## Correlation as an evaluation metric for regression

2

0

I'm dealing with a regression prediction challenge where the evaluation metric is (pearson) correlation. However, I have the impression that this metric is kind of arbitrary. While I can keep the RMSE stable the correlation can have great variety.

Could someone please explain this metric and how to optimise for it?

I'm slightly confused; if you don't think this is an appropriate metric, why are you using it? – Emre – 2016-01-24T06:37:42.213

@Emre because the challenge organizers defined it to be their evaluation metric – spore234 – 2016-01-24T09:40:34.477

1

The organizers might deem the direction of predicted change more important than the magnitude, i.e., it is more important that your prediction is high when the known value is high (and vice versa) than to get as close to the known value as possible. The measurements might be noisy anyway.
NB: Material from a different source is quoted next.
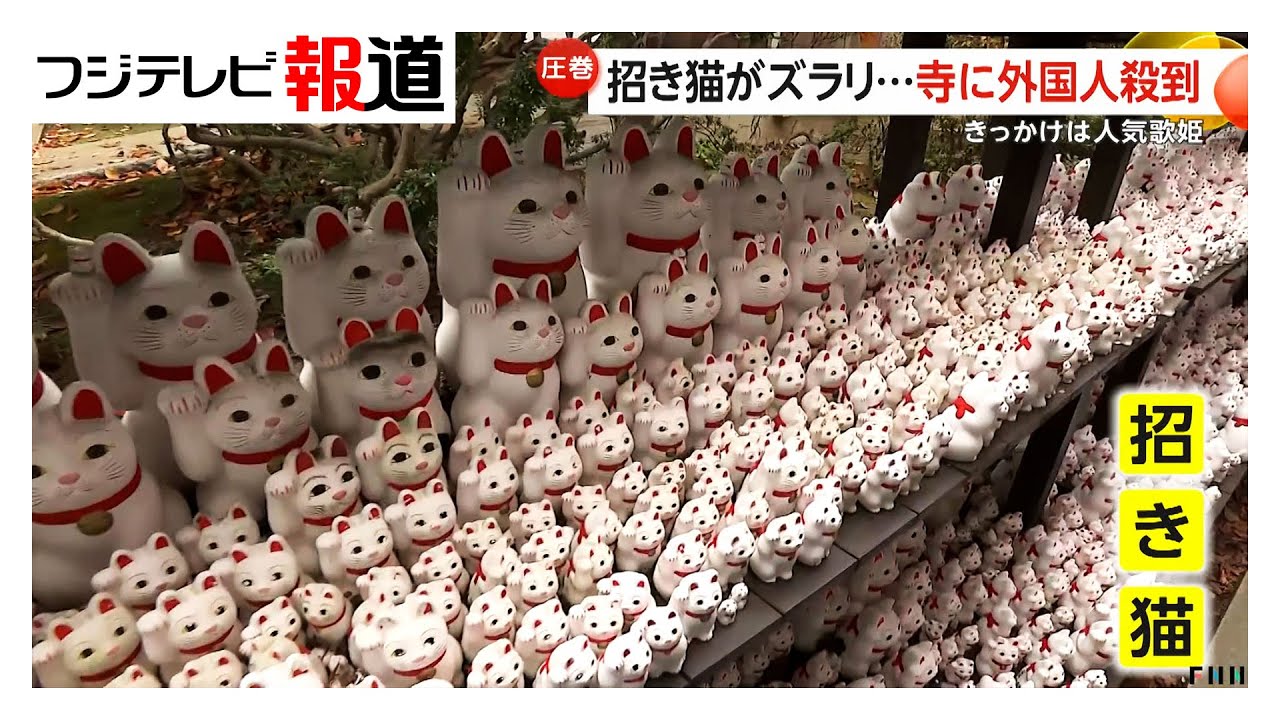 招き猫で“Lucky Cat Temple”としてSNSで話題　世田谷区の豪徳寺に外国人観光客が殺到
One, fairly robust way of optimizing for it would be by grid-searching for the local optimum, like in this QA.

However, you should also take note that algorithms tweak ther internal parameters when fitting according to some loss function. Some algorithms accept custom cost functions and derivatives, yet some implementations don't. Information-theoretic measureas are standard in classification while MSE in regression.

Theoretically, you should be able to tell your Random Forest (or another algorithm accordingly) what the optimal split is as a function of pearson correlation.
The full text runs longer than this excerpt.